Allons sans retard là où la musique résonne !

Cette messe est donc conçue comme un ‘entretien’ des bergers se préparant à aller à Bethléem, comme dans une sorte d’image animée des crèches populaires. On songe aux délicieuses illustrations de Lad’a.

La Messe de Noël ne doit pas faire oublier le reste de sa production tant musicale que littéraire. Compositeur très prolifique, mais les sources sont divergentes, il laisse environ 1370 n° d’opus - 1390 selon son journal– 38 concertos dont 12 pour piano, 35 symphonies, 70 quatuors, 100 trios, 90 sonates, 80 messes, 3 Stabat Mater, 5 Te Deum, 7 Requiem, 50 cantates pastorales sur des textes tchèques et latins, etc. Il n’a pas manqué de saupoudrer ses manuscrits d’un peu d’humour, signant parfois J.J. Poisson, Fisch, Ryballandini, Rybaville, variations sur son propre patronyme (ryba signifie poisson).

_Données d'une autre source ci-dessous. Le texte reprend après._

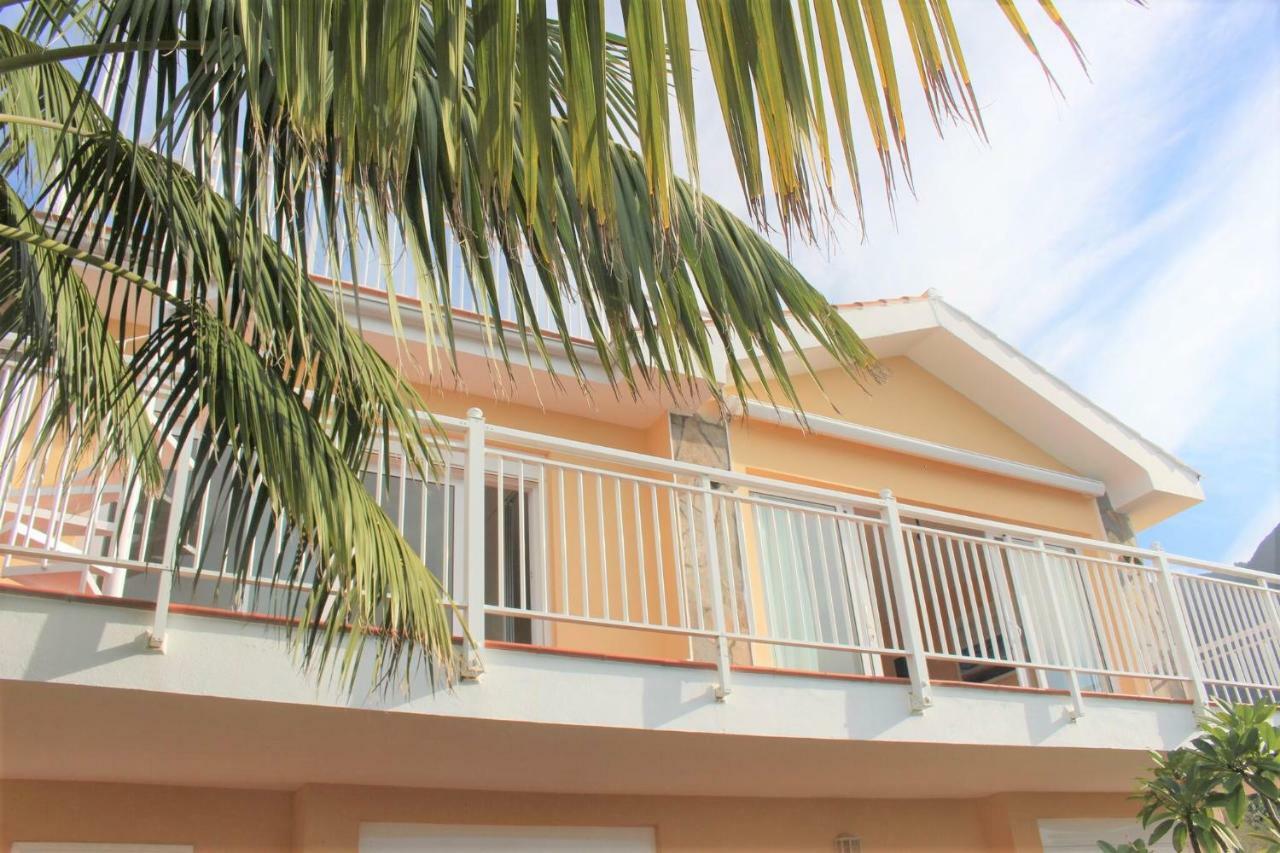 Villa In Protected Space In Front Of The Sea Los Realejos Exterior photo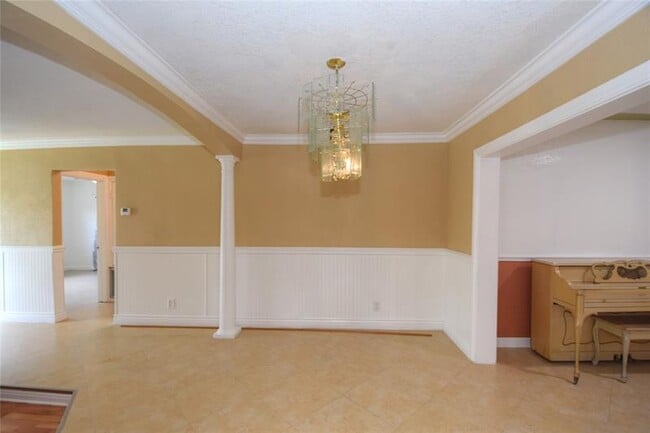 Building Photo - 5385 SW 8th Ct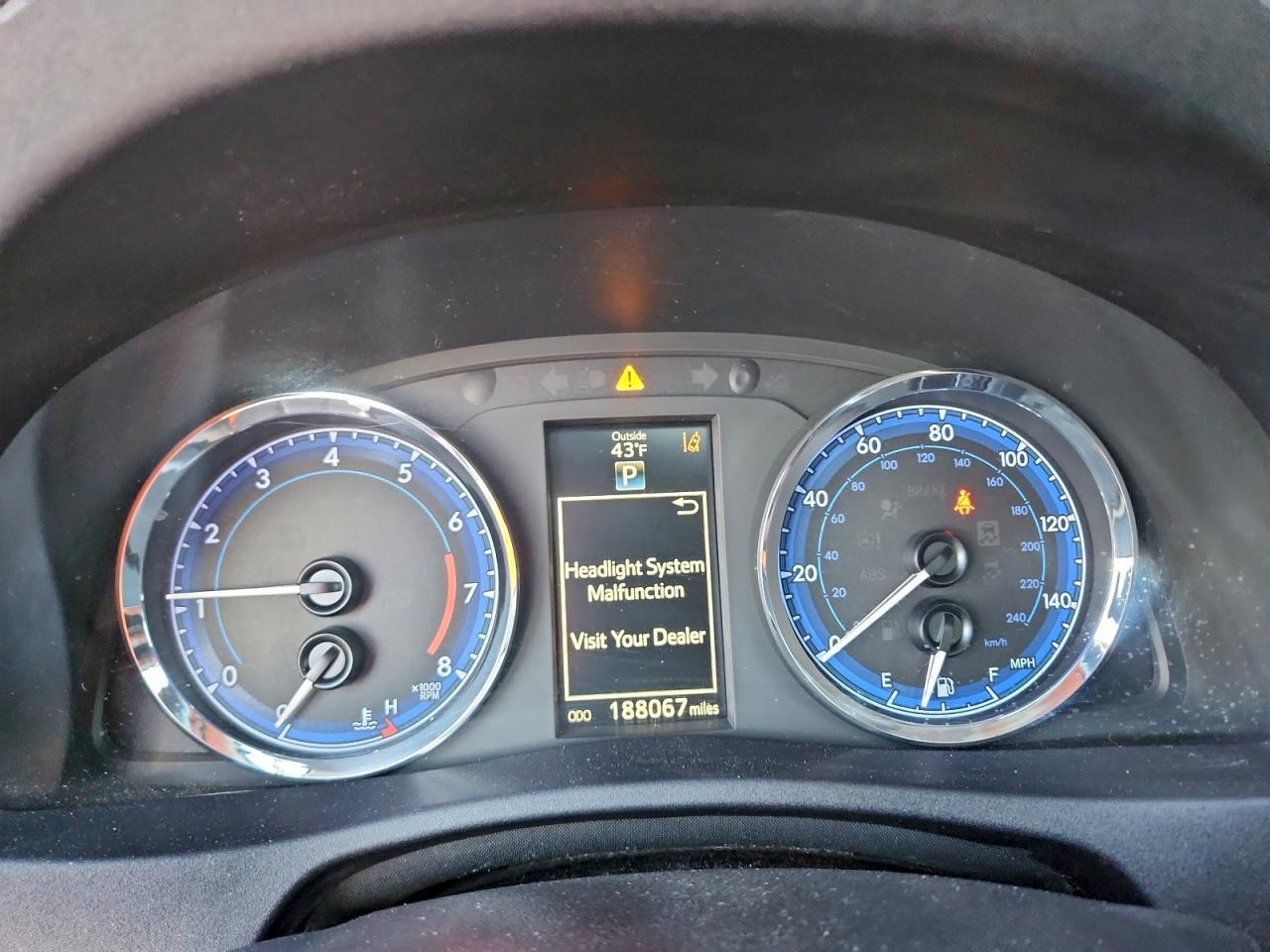 2017 TOYOTA COROLLA photo 9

Il est aussi l’auteur d’une abondante œuvre théorique dont Les Principes premiers et généraux de tout l’art de la musique et du Dictionnaire de termes musicaux tchèques (le Réveil National est dans l’air), édités après sa mort. Très exactement classique sans originalité marquante, mais vif et plaisant, plein d’énergie, proche des sources traditionnelles populaires, son style musical s’inscrit dans la ligne de Haydn et Mozart et de ses contemporains tchèques Koželuh et Vaňhal. Il compte parmi les premiers compositeurs à avoir écrit des mélodies sur des textes tchèques et non allemands.



Bibliographie


(*)Guy Erismann, La Musique dans les Pays tchèques, Fayard 2001.
Jan Němeček, Jakub Jan Ryba : Život a dilo (Vie et œuvre de J.J. Ryba), Prague 1947, rééd. 1963.
Jan Němeček, Skolny deniky Jakuba Jana Ryby (Journal de J. J. Ryba), Prague 1957.
Jan Němeček a établi un catalogue des œuvres de Ryba (N.)
J. Janáčková, Jakub Jan Ryba o svém hudebním životě. (Traduction en allemand de son autobiogaphie musicale à partir de 1081), Prague 1946.
J. Spěvaček, Jakub Jan Ryba, Prague 1984.

Autres sources


En tchèque :
- Pražská informační služba (pis.eunet.cz)
- zivotopisyonline.cz/jakub-jan-ryba (extrait de 234 personnalités tchèques, 2003)
- municipal.cz/osobnosti/ryba
- geocities.com/vienna/studio/1541/ryba (11 pages, très détaillé, source ayant servi à bien d’autres)
- www.musica.cz


En français :
Radio Prague, émission du 24.12.2003


Enregistrements

:
Il existe de nombreuses versions de la Messe de Noël tchèque, quelques autres Messes dont celles en Ut majeur (N. 385) et en mi mineur, le quatuor en Si b majeur (N. 393) des Pastorales ou des Chants de Noël. Les autres œuvres sont plutôt rares.